Collections

Author

Marie-Hélène Burle

Values can be stored in collections. This section introduces tuples, dictionaries, sets, and arrays in Python.

Lists

Lists are declared in square brackets:

l = [2, 1, 3]
type(l)
list

They are ordered:

['b', 'a'] == ['a', 'b']
False

They can have repeat values:

['a', 'a', 'a', 't']
['a', 'a', 'a', 't']

They can be homogeneous:

['b', 'a', 'x', 'e']
['b', 'a', 'x', 'e']
type('b') == type('a') == type('x') == type('e')
True

or heterogeneous:

[3, 'some string', 2.9, 'z']
[3, 'some string', 2.9, 'z']
type(3) == type('some string') == type(2.9) == type('z')
False

They can even be nested:

[3, ['b', 'e', 3.9, ['some string', 9.9]], 8]
[3, ['b', 'e', 3.9, ['some string', 9.9]], 8]

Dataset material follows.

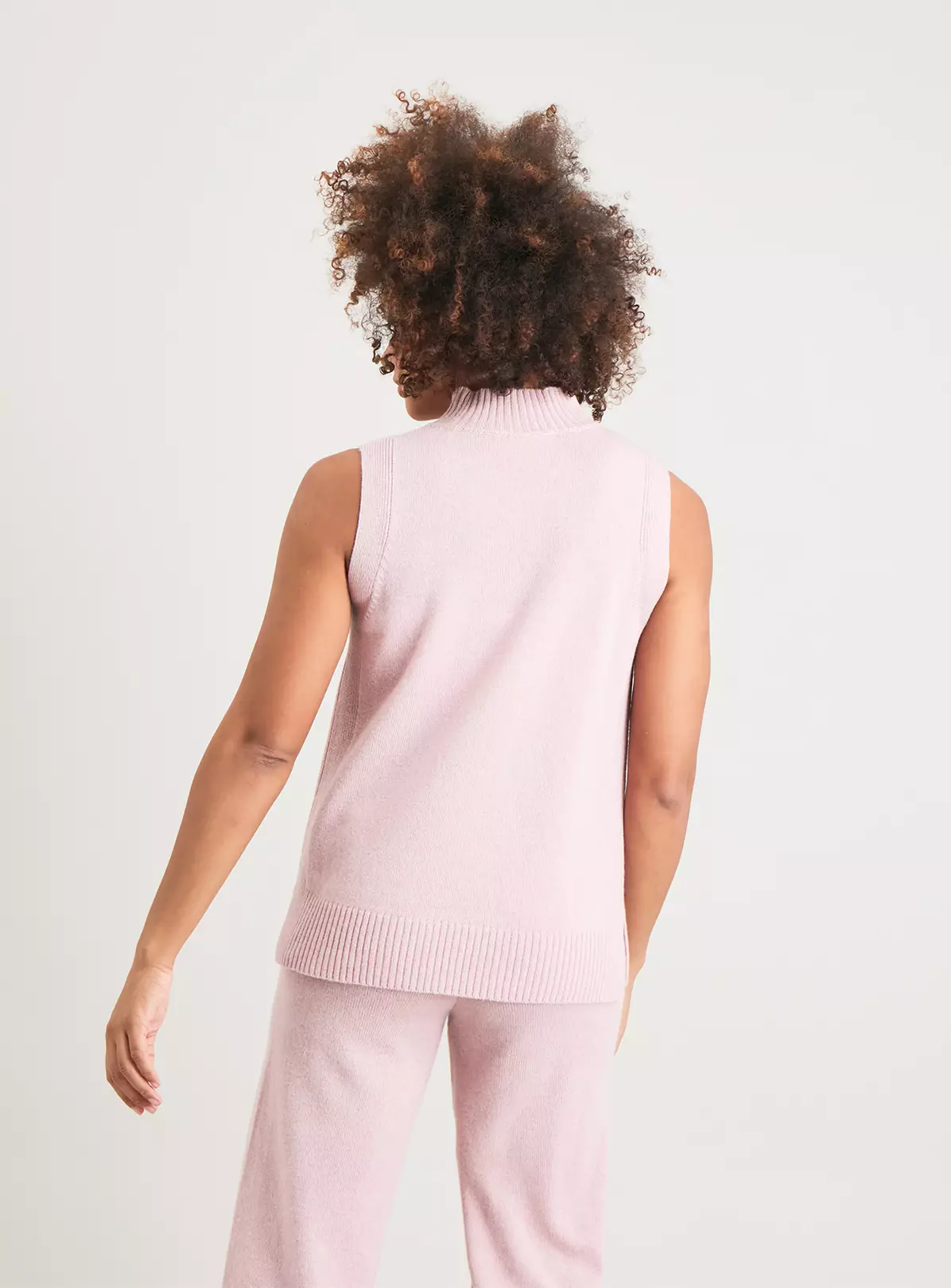 Pink High Neck Coord Knitted Vest Top With Wool - 16 1 Pink High Neck Coord Knitted Vest Top With Wool - 16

The length of a list is the number of items it contains and can be obtained with the function len:

len([3, ['b', 'e', 3.9, ['some string', 9.9]], 8])
3

Your turn:

What are the 3 elements of this list?
What are their respective types?

To extract an item from a list, you index it:

[3, ['b', 'e', 3.9, ['some string', 9.9]], 8][0]
3

Python starts indexing at 0, so what we tend to think of as the “first” element of a list is for Python the “zeroth” element.

[3, ['b', 'e', 3.9, ['some string', 9.9]], 8][1]
['b', 'e', 3.9, ['some string', 9.9]]
[3, ['b', 'e', 3.9, ['some string', 9.9]], 8][2]
8

Of course you can’t extract items that don’t exist:

[3, ['b', 'e', 3.9, ['some string', 9.9]], 8][3]
---------------------------------------------------------------------------
IndexError                                Traceback (most recent call last)
Cell In[342], line 1
----> 1 [3, ['b', 'e', 3.9, ['some string', 9.9]], 8][3]

IndexError: list index out of range

You can index from the end of the list with negative values (here you start at -1 for the last element):

[3, ['b', 'e', 3.9, ['some string', 9.9]], 8][-1]
8

Your turn:

How could you extract the string 'some string' from the list:

[3, ['b', 'e', 3.9, ['some string', 9.9]], 8]

You can also slice a list:

[3, ['b', 'e', 3.9, ['some string', 9.9]], 8][0:1]
[3]

Notice how slicing returns a list.
Notice also how the left index is included but the right index excluded.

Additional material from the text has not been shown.